Physicians' Academy for Cardiovascular Education

Non-alcoholic fatty liver disease as an independent risk factor for CVD and type 2 diabetes

Literature - Byrne CD et al. Arterioscler Thromb Vasc Biol. 2014 - Arterioscler Thromb Vasc Biol. 2014 Apr 17

 

Ectopic Fat, Insulin Resistance, and Nonalcoholic Fatty Liver Disease: Implications for Cardiovascular Disease

 
Byrne CD, Targher G.
Arterioscler Thromb Vasc Biol. 2014 Apr 17
 
Ectopic fat accumulation refers to the presence of lipid droplets within nonadipose tissue that does not normally contain much tissue lipid. Ectopic fat can decrease the efficiency of insulin signalling, yielding insulin resistance. The liver is an important organ affected by ectopic fat accumulation, which often occurs in the presence of excess body weight. If not caused by excessive alcohol consumption or other known pathogenic factors, liver fat accumulation >5% is called non-alcoholic fatty liver disease (NAFLD). Insulin resistance and ectopic fat accumulation in the liver have adverse consequences for glucose and lipid homeostasis, and for cardiovascular disease (CVD) risk factors.
 

How is NAFLD diagnosed?

The following criteria are used to diagnose NAFLD: hepatic steatosis on imaging or histology, no significant alcohol consumption and no competing causes for hepatic steatosis. Liver biopsy is the only reliable way to assess disease severity. Different other techniques may be used to assess the severity of hepatic steatosis, with different sensitivity.
Mild-to-moderate elevations of serum liver enzyme levels are often seen with hepatic steatosis, but at best, they identify people at increased risk of NAFLD, who need further diagnostic testing. The European Liver Fibrosis score, in combination with the NAFLD fibrosis score, can improve diagnosis of different stages of liver fibrosis in NAFLD.
 

Ectopic liver fat, insulin resistance, and inflammation

Different mechanisms of lipid-induced decreases in hepatic insulin sensitivity have been proposed and studied, but it is unclear to which extent these play a role. Two principal mechanisms of insulin resistance that have been studied are a pathway involving the lipid intermediate diacylglycerol (DAG)-mediated activation of protein kinase Cε, yielding impaired activation of insulin signalling, and a pathway via which inflammatory toll-like receptor 4 signalling is activated, also leading to inhibition of insulin signalling. Currently available evidence from murine and human research suggests that, irrespective of how hepatic lipid accumulates, production of DAG is central to loss of insulin sensitivity. Decreasing its production may be a therapeutic approach to improve insulin signalling.
 

Epidemiological evidence linking NAFLD to CVD

Although NAFLD and CVD share many risk factors, increasing evidence suggests that NAFLD is an independent risk factor for CVD. Clinical CVD is remarkably increased in people with NAFLD with or without diabetes mellitus.
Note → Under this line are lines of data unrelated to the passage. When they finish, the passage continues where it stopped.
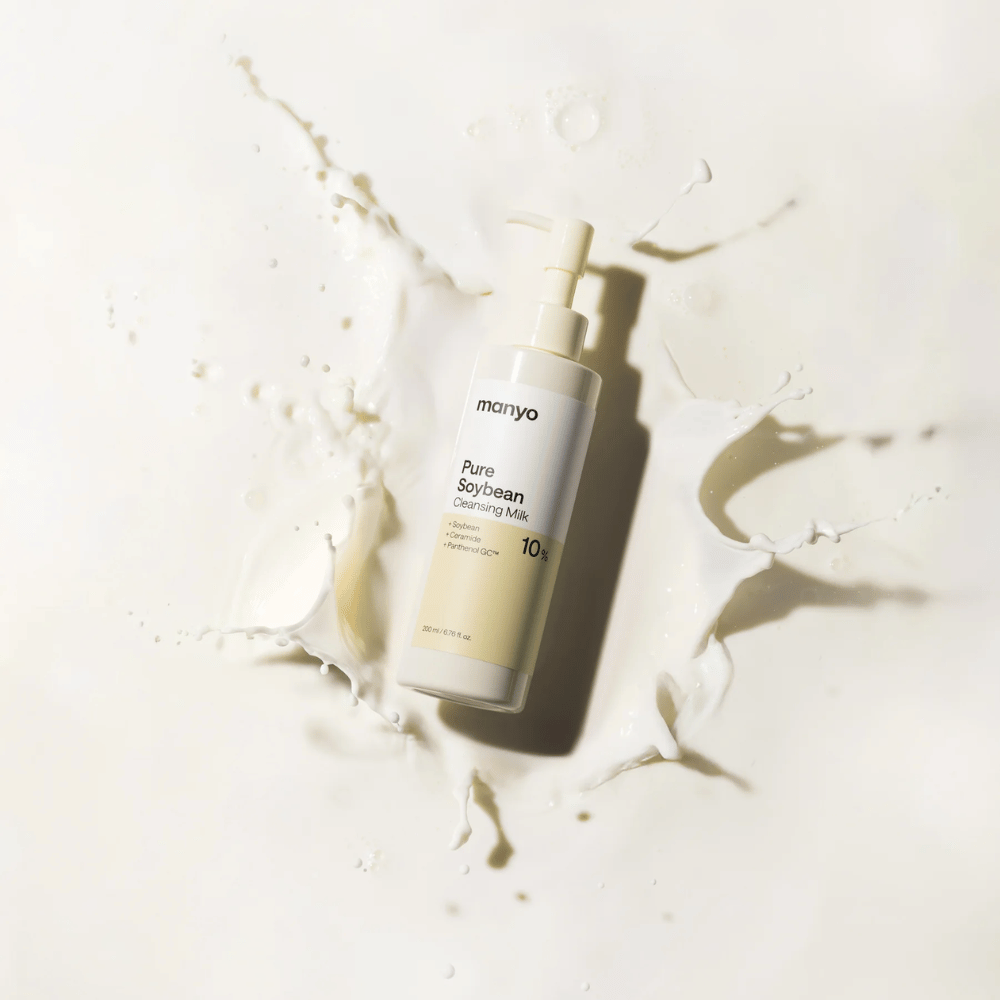 1. Ma:nyo Pure Soybean Cleansing Milk – milde reinigingsmelk met soja in pompflacon omgeven door melkspetters op lichte achtergrond
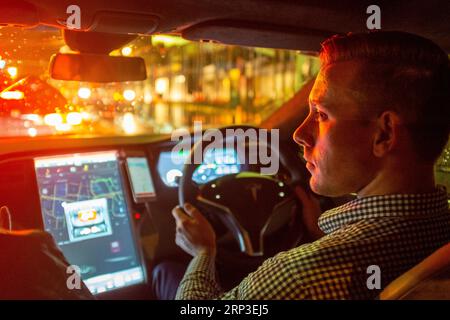 Guida Uber al volante di un veicolo elettrico Tesla di notte sotto la pioggia Foto Stock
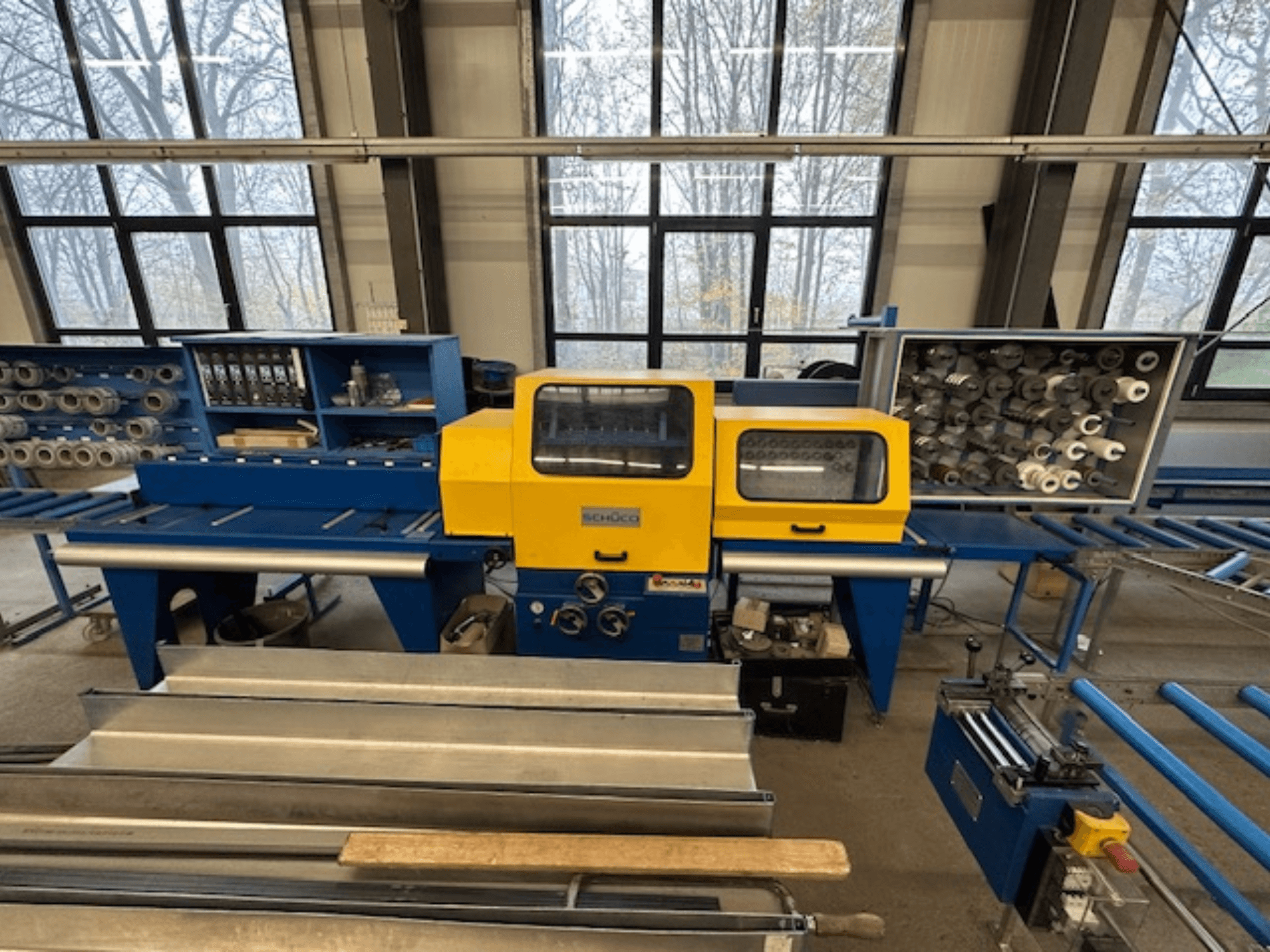 SCHÜCO ISOMAT 4 staklių vaizdas iš priekio: geltonas valdymo skydelis, keli ritiniai ir laikymo skyrius.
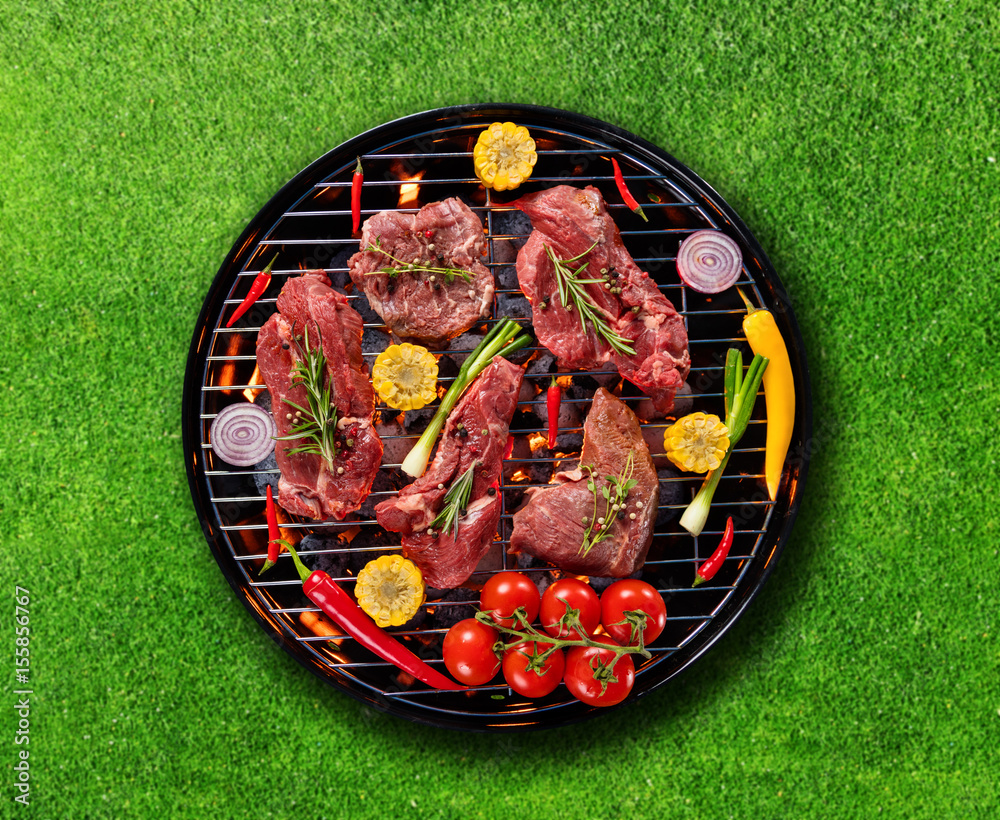 Top view of fresh meat and vegetable on grill placed on grass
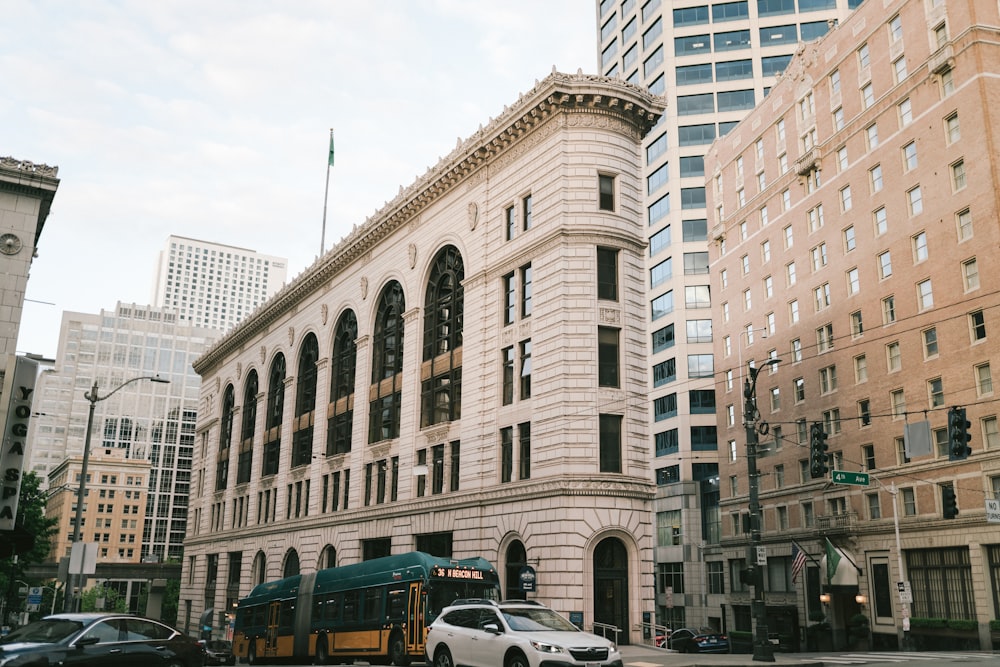 cars parked in front of brown concrete building during daytime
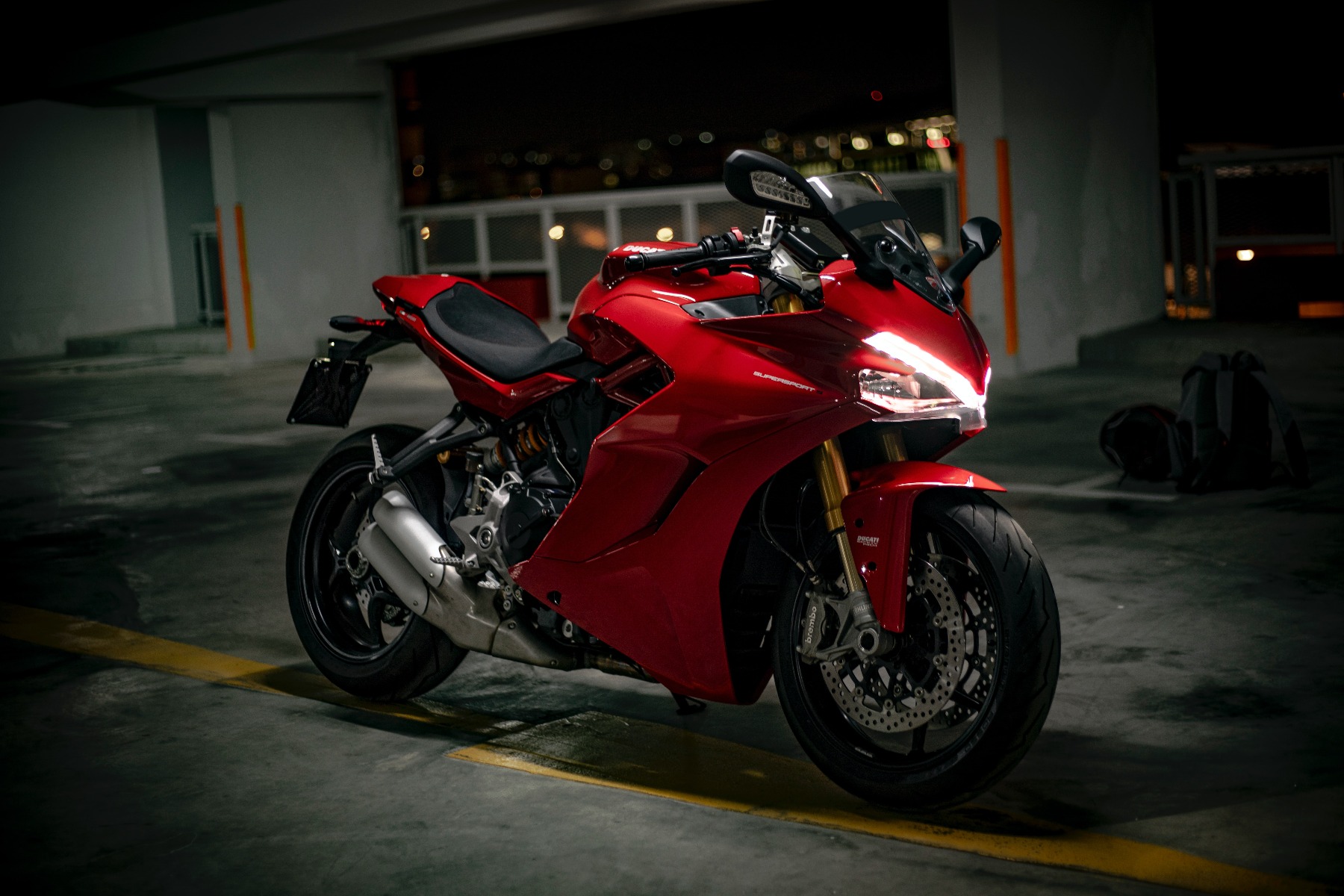 A red and black motorcycle sits in a parking garage at night.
The specific contribution of NAFLD to the increased incidence of CVD remains unclear to date, thus further larger and longer prospective studies in patients with biopsy-confirmed NAFLD are needed to increase our understanding of this relationship.  
 

Putative mechanisms linking NAFLD to CVD

NAFLD is increasingly recognised as a pathogenic component of the metabolic syndrome, although the precise mechanism by which NAFLD may increase CVD risk remains unclear.
NAFLD may cause atherogenic dyslipidaemia, possibly involving hepatic overproduction of large very-low-density lipoprotein particles and dysregulated clearance of lipoproteins from the circulation.  Evidence also accumulates that the bile acid receptors farnesoid X receptor and TGR5 are important for regulation of lipid and carbohydrate metabolism and inflammatory responses. Stimulation of these receptors may prove to be an attractive target for NAFLD treatment.
Ectopic fat accumulation in other sites is associated with new blood vessel growth. NAFLD may also involve increased adipose tissue triglyceride lipolysis, thus the increased flux of adipose tissue-derived free fatty acids to the liver, to increase hepatic triglyceride accumulation. Temperature variation may affect this process. The mechanism via which angiogenesis and external stimuli such as cold and tissue hypoxia, can alter adipose tissue functions, need further study, and may provide new therapeutic options for treatment of ectopic fat accumulation.
 

Conclusions

The adverse impact of NAFLD on CVD risk and type 2 diabetes deserves specific attention of cardiologists, given the increasing prevalence of NAFLD, which is further aggravated by the increasing burden of obesity. Since NAFLD may have a higher absolute risk of CVD than anticipated, early aggressive risk factor modification of coexisting CVD risk factors may prove beneficial.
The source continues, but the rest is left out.